Mahkemece yapılacak iş, bilirkişi aracılığıyla ilkin inşaatın tamamlanmış olması halinde davalı yükleniciye verilmesi gerekli olan arsa payını belirlemek, davalının bina inşa borcunu hangi oranda yerine getirdiğini ve hangi oranda yerine getirmediğini saptamak ve buna göre noksan inşaat oranında davalıya verilmesi gerekli olan arsa payını indirmek ve böylece davalıya düşecek olan arsa payını tespit etmek ve ancak bu arsa payı dışında müdahalenin önlenmesine karar vermekten ibarettir... ).
Ancak yerel mahkeme yukarıya metni aynen alınan bozma kararına uymayarak eski kararında direnmiş ve fakat direnmeye ilişkin hüküm de Hukuk Genel Kurulu' nca, özel daire bozma kararı aynen benimsenmek suretiyle bozulmuştur.
Bu durumda, davalı yüklenicinin borçlu temerrüdüne düşmekte kusursuz bulunduğuna ilişkin temyiz itirazları özel dairece reddolunup kesinleştiğine göre, kusursuzluğunu kanıtlayamadığı tartışma dışıdır.

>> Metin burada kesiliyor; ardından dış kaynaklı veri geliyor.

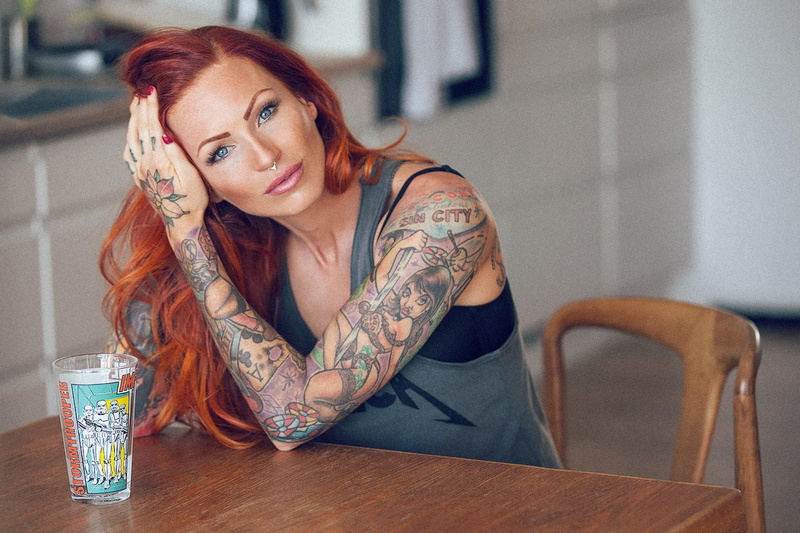 1080P, tattoo, women, model, redhead, Anne Lindfjeld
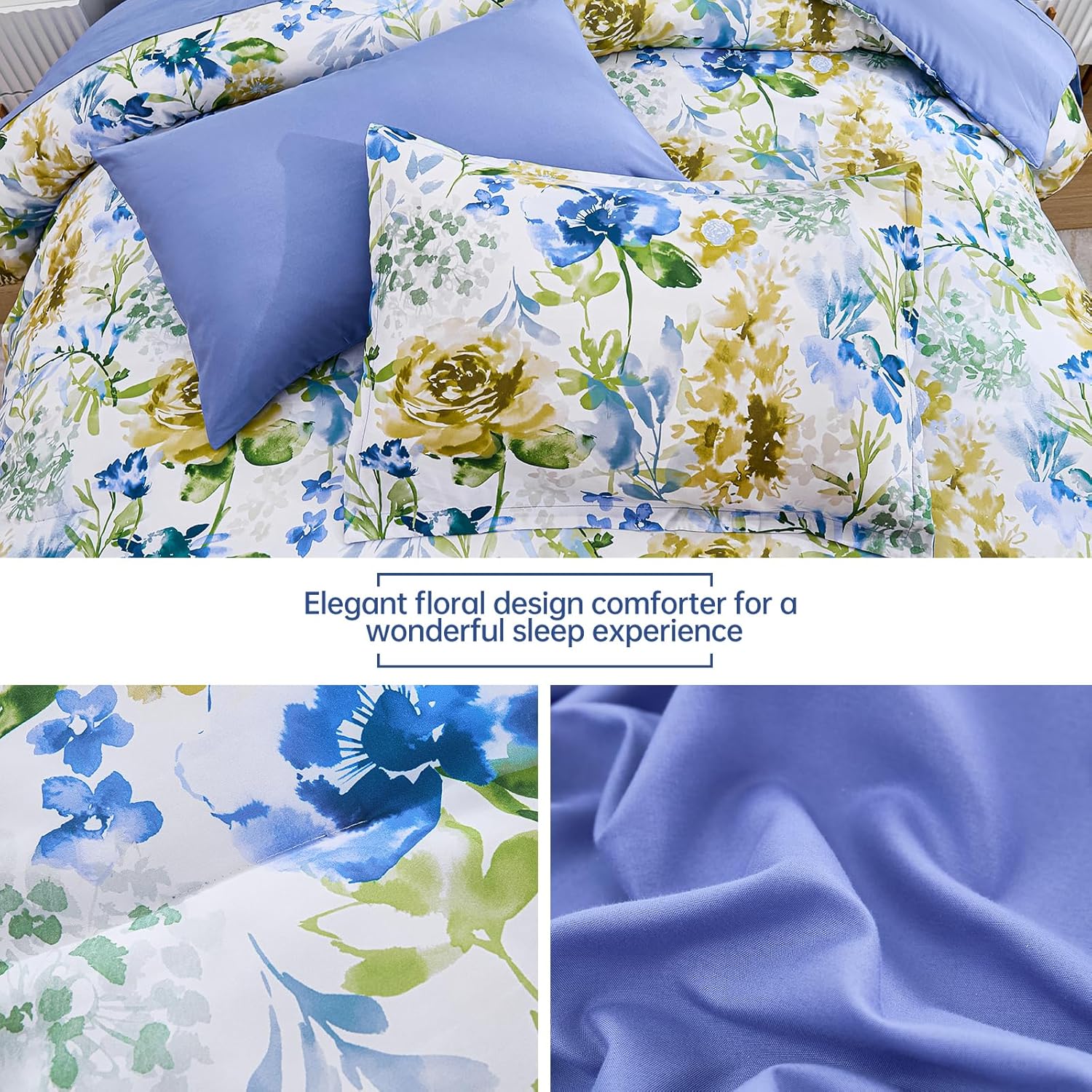 Luxudecor Floral Comforter Set Queen Size 7 Pieces Bed in a Bag, Blue Flower Watercolor Bed Set, Soft Comforter with Sheet Set 90"x90" - Image 6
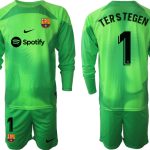 Köpa TERSTEGEN #1 FC Barcelona 2023 Målvaktströja Herr grön Långärmad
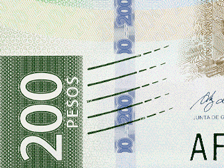 Animación del efecto del hilo dinámico en el billete de 200 pesos de la familia G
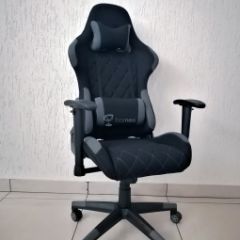 Кресло геймерское Barneo K-51 (черная ткань серые вставки) в Екатеринбурге - mebel24.online | фото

O halde bu aşamada çözümlenmesi gerekli sorun; "kusuru ile borçlu temerrüdüne düşen yüklenicinin, arsa payı karşılığında kat yapımı sözleşmesinin feshine neden olması halinde, sözleşme ilişkisinin önceye etkili olarak ortadan kalkıp kalkmayacağı" olmalıdır.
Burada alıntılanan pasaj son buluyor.